Jedi Dog Training Manual

Tini the JediThe big day is here.

It’s opening day for the new Star Wars movie.

If I could I would sneak off today and go see the movie. Looks like I’ll have to wait until this weekend.

BUT…. I will share with you a real Jedi Mind Trick I use on dogs everyday.

You may be thinking “This guy is kidding around. I have more important stuff to do than read about some stupid, made up story. He’s probably going to just try and sell me something anyway.”

Leave now and never learn young padawan.

Or stay and learn how to control your dog without touching or talking to your dog.

I meet and work with dozens of dogs every week. And every time I walk through the door two things happen.

I am judged by the human and I am judged by the dog.

I am judged by the human who is skeptical about my ability to help them. Which is the correct thing to do. I may have been referred to them but before they part with their money they want to make sure they made the right decision to hire me.

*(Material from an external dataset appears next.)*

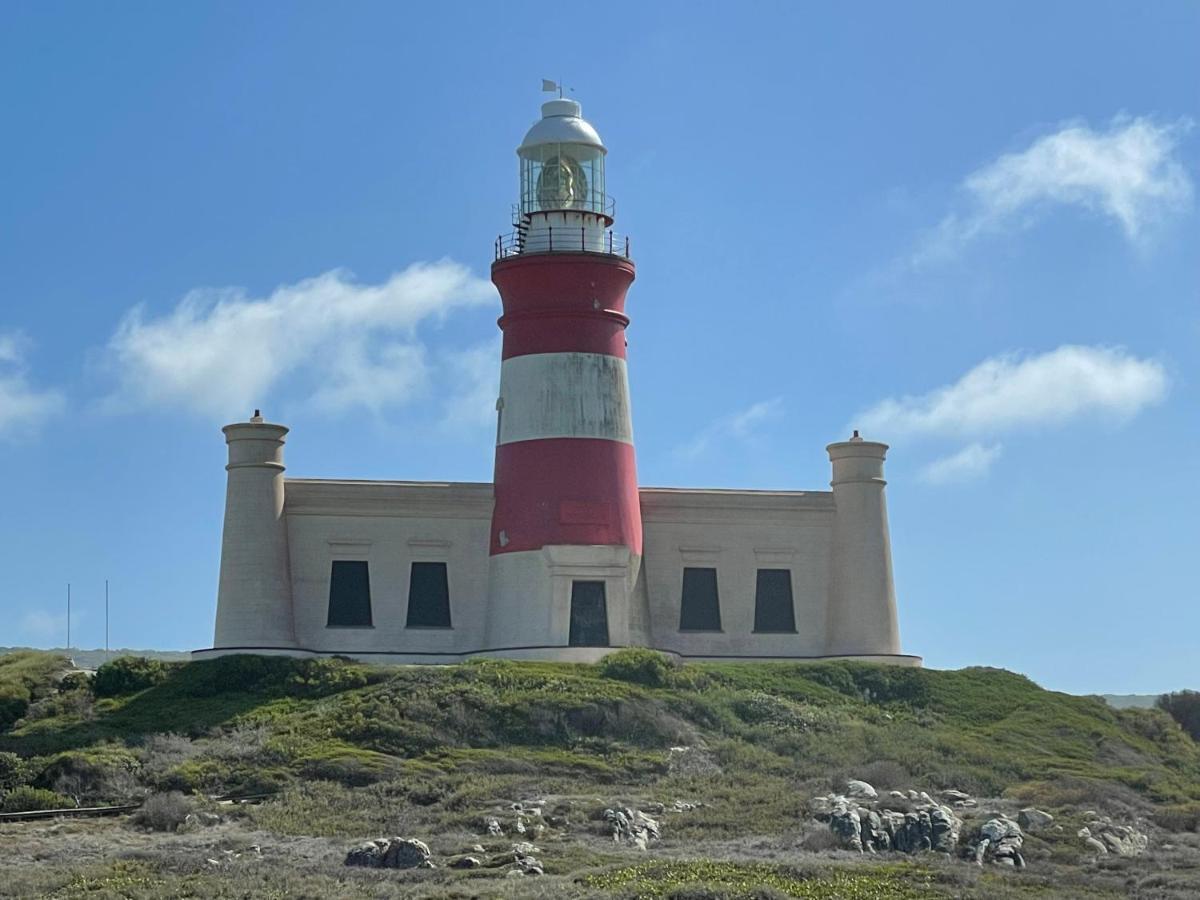 Cliff Haven Hotel Struisbaai Exterior foto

The dog will do what dogs do. Most of them are excited that I am there and their behavior is chaotic and uncontrollable. They usually jump on me, lick my face, stuff their nose in my crotch, you know, normal, excitable dog behavior.

This is where I start to use my Jedi Mind Tricks on the dog. I need the dog to calm down as fast as possible without touching, talking or looking at the dog.

With most dogs, especially after the first visit, the dog will calm down immediately and most of my clients that I have worked with will agree with this.

So, how do I get an out of control, off the hook to calm down. I do it using a concept called…

….spatial pressure.

Spatial pressure works well with dogs because they have an innate desire to please other members of a social group. This doesn’t work too well with cats.

Spatial pressure is how you position your body. It is how you interact with the dog. Often when I am interacting with the dog for the first time I am subtly claiming the dog’s personal space and using body language to also apply spatial pressure.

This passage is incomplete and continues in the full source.